The Prime Minister, Maura, who as a result of international complaints was dismissed by the King and abandoned by conservatives, believed that this ‘surrender in the Cortes’ after the ‘victory in the streets’ doomed the régime, since it had been seen to have given way to
disorder, propaganda and malice. Thereafter the conservative party, which had held together since the 1870s, followed the liberals into disintegration. Maura moved into the wings of politics as the focus of a movement of young men angry with parliamentarianism, anxious for regeneration, but unable to gain a majority for a government. In
Maurismo
there were to be seen the springs of fascism—evident in other countries before 1914 as well (with Déroulède and Maurras in France, D’Annunzio in Italy, and even the Ulster volunteers). Maura promised a ‘revolution from above’. The malicious said that he merely desired a ‘revolution without a revolution’.

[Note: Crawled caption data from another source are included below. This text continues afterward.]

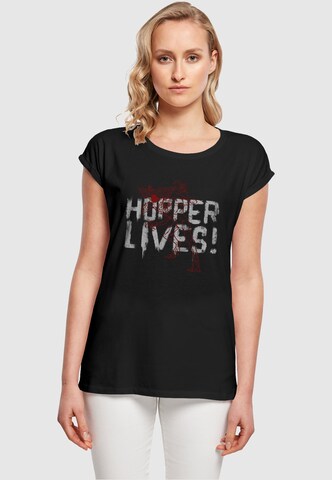 ABSOLUTE CULT Shirt 'Stranger Things - Hoppers Live' in Zwart: voorkant
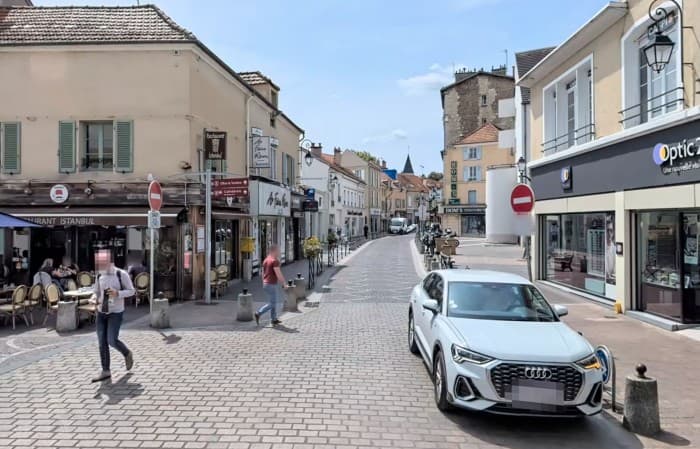 Local commercial · 143 m² · Cession de bail — photo 1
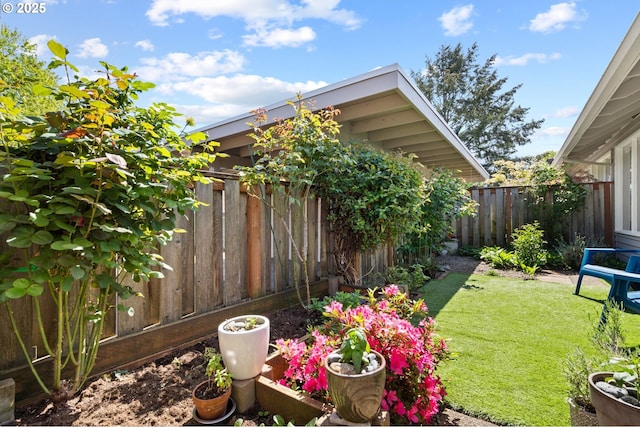 view of yard featuring fence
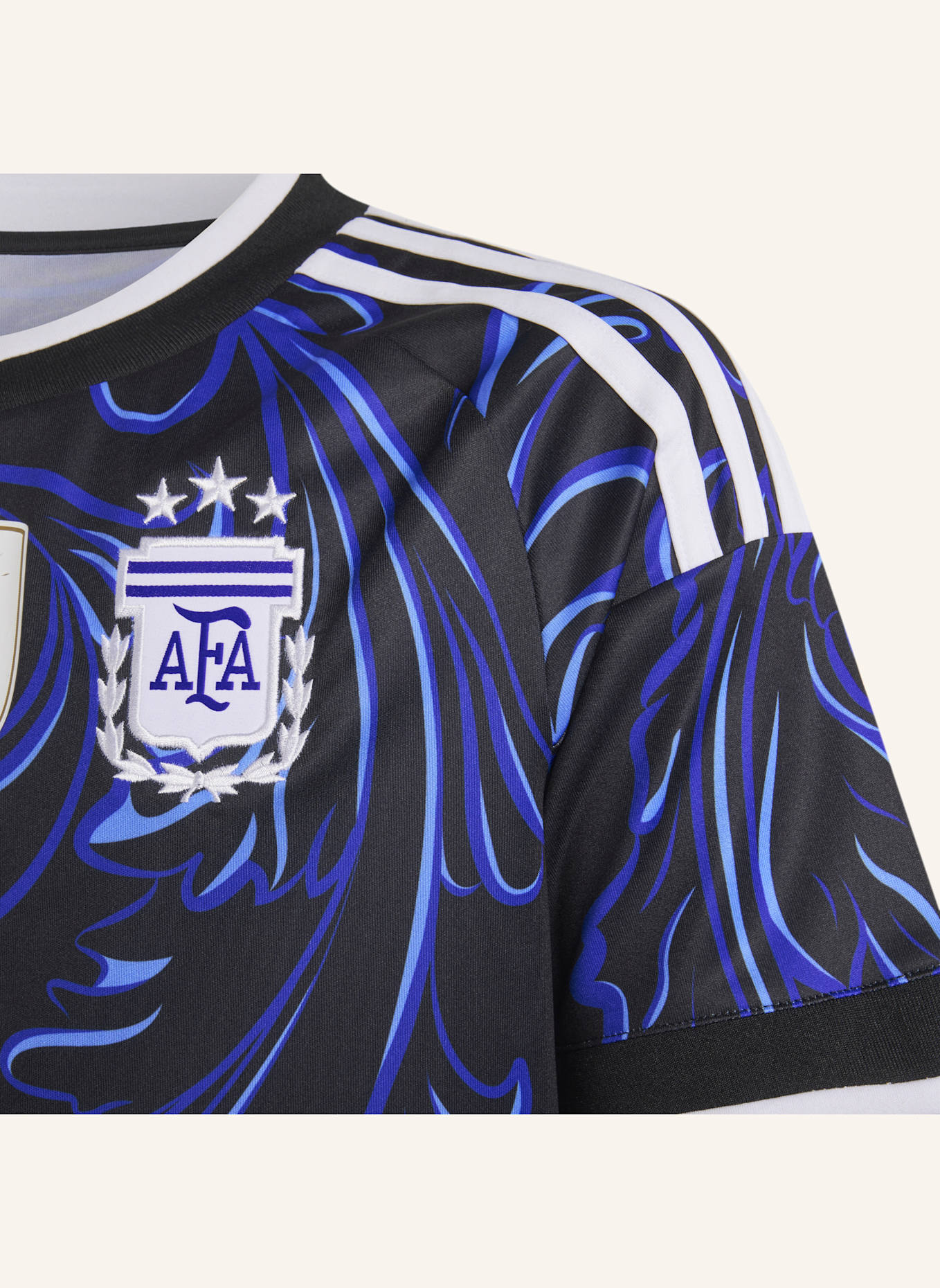 adidas ARGENTINIEN 26 KIDS AUSWÄRTSTRIKOT: SCHWARZ/ BLAU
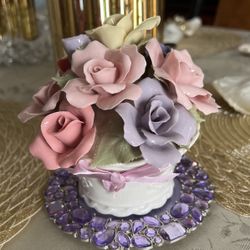 Porcelain Flowers Basket SF Music Box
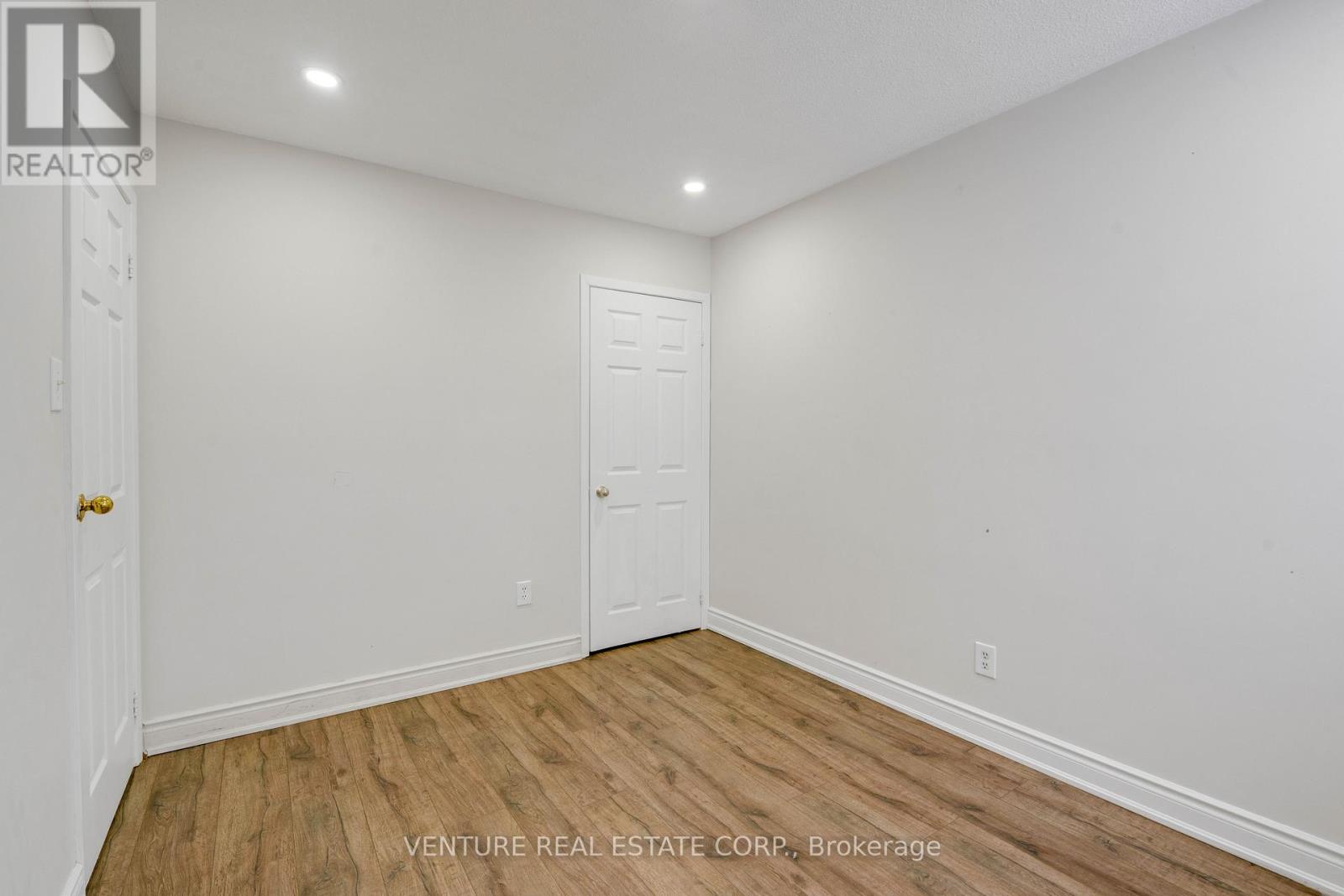 416 Hansen Road N, Brampton, Ontario L6V 3P7 - Photo 25 - W12617110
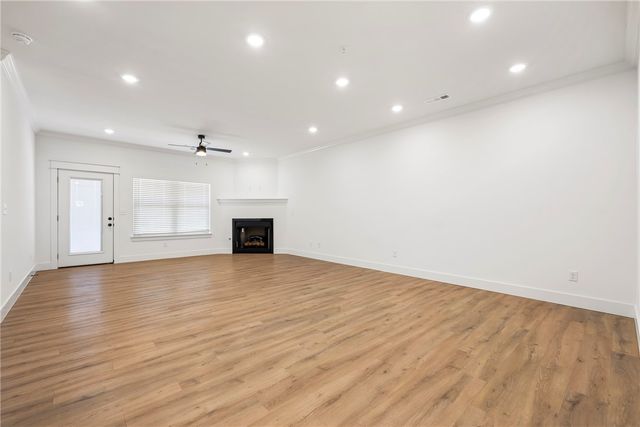 1610 S 17th Place, Rogers, AR 72758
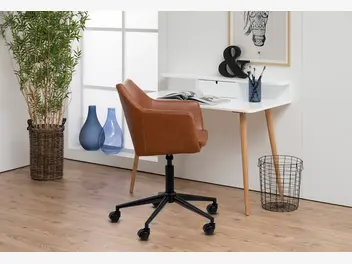 Ilustracja artykułu krzesło biurowe skórzane - czy to dobry wybór?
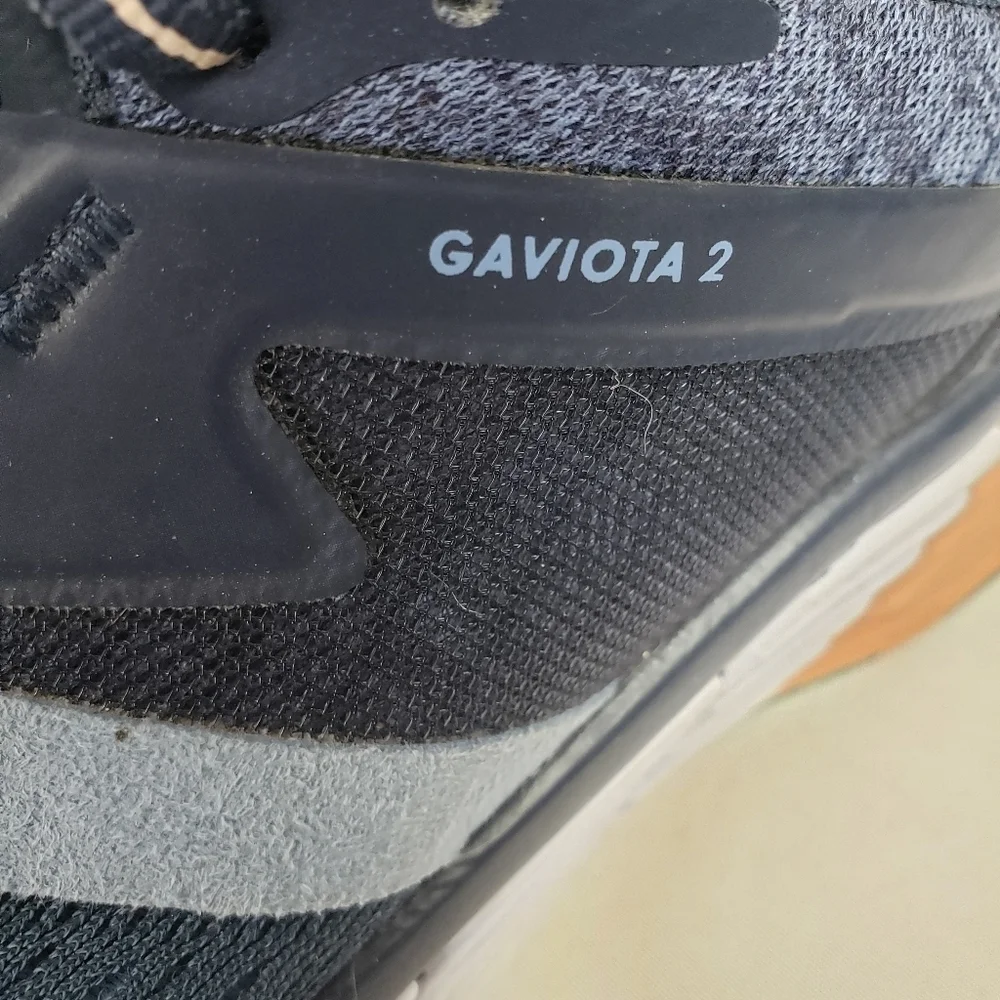 Hoka back one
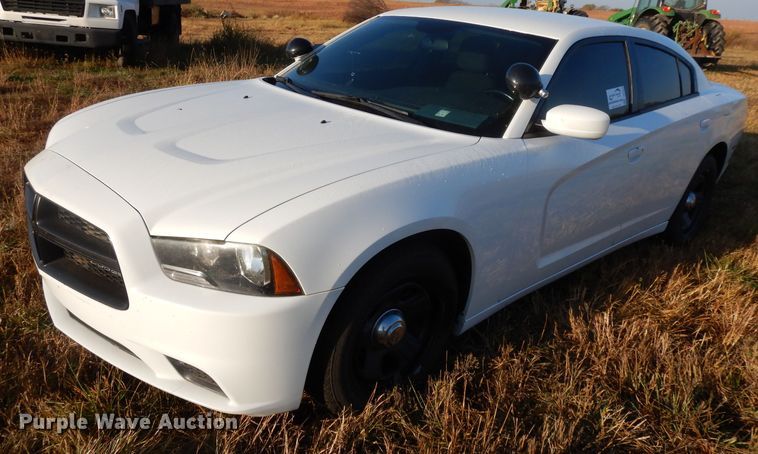 image for item DH3323 2013 Dodge Charger Police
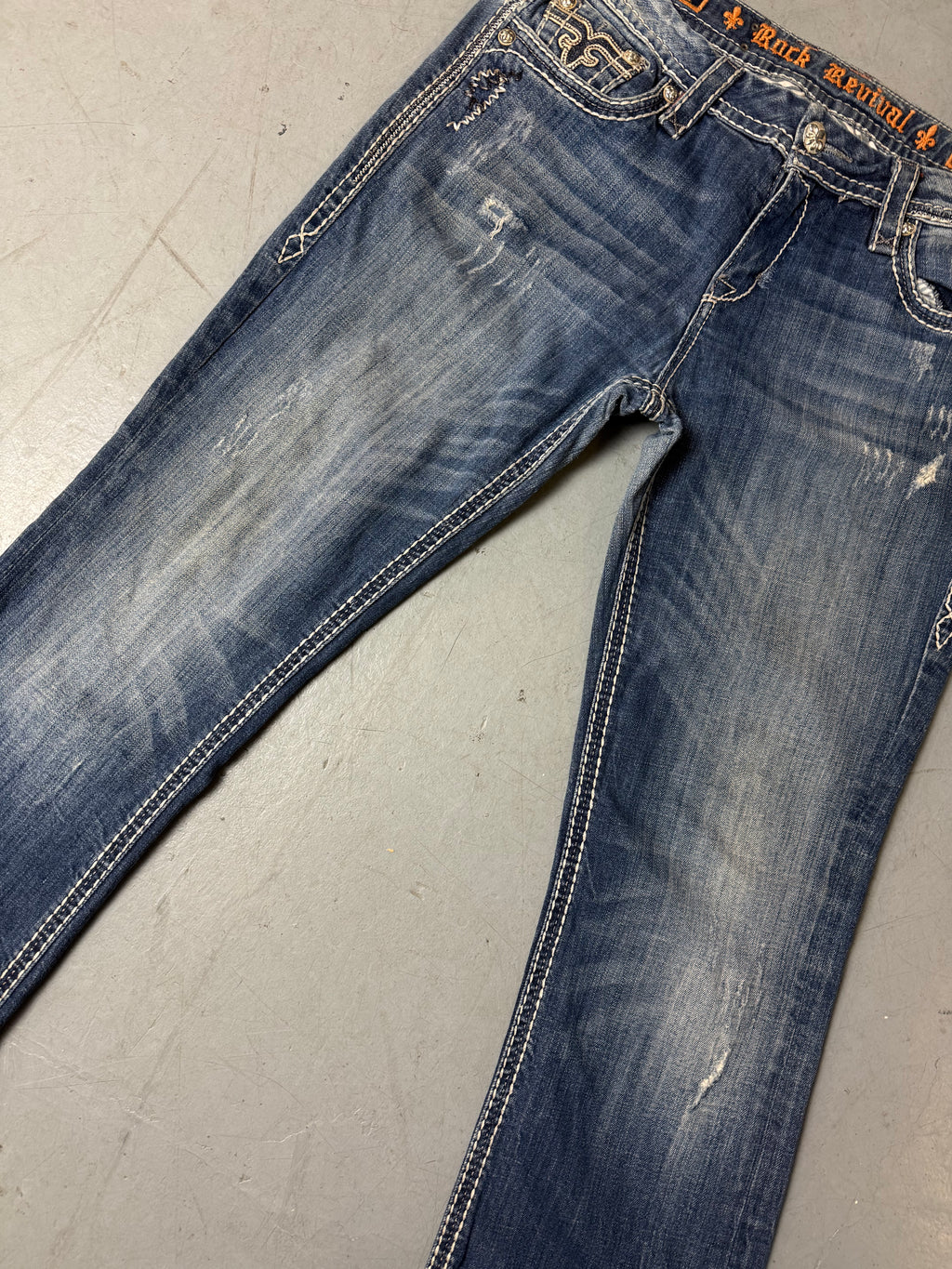 Detailbild von einer Vintage Rock Revival Bootcut Low Waist Denim von Hosenbein vorne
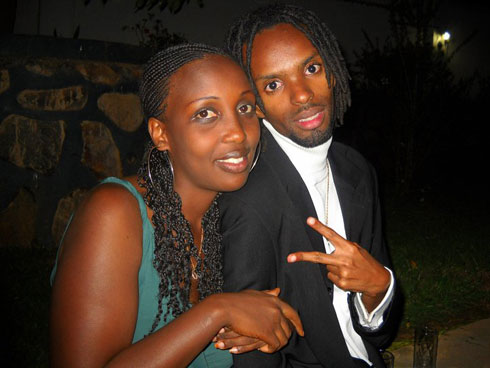 Hirwa Henry ari kumwe na Zouzou Zoulaika.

The Moroccan war continued. Tangier, north Morocco’s best port, was excluded from the Spanish protectorate in 1912, as an international city, and the tribes refused to accept the Spanish ‘civilizing’ presence. Men, money, food and emotion continued to be poured into the country by a Spain that could only afford the first. The tribes had never been subject to the sultan; only Spain gave them a unity. In seeking an empire, Madrid thus helped to inspire nationalism.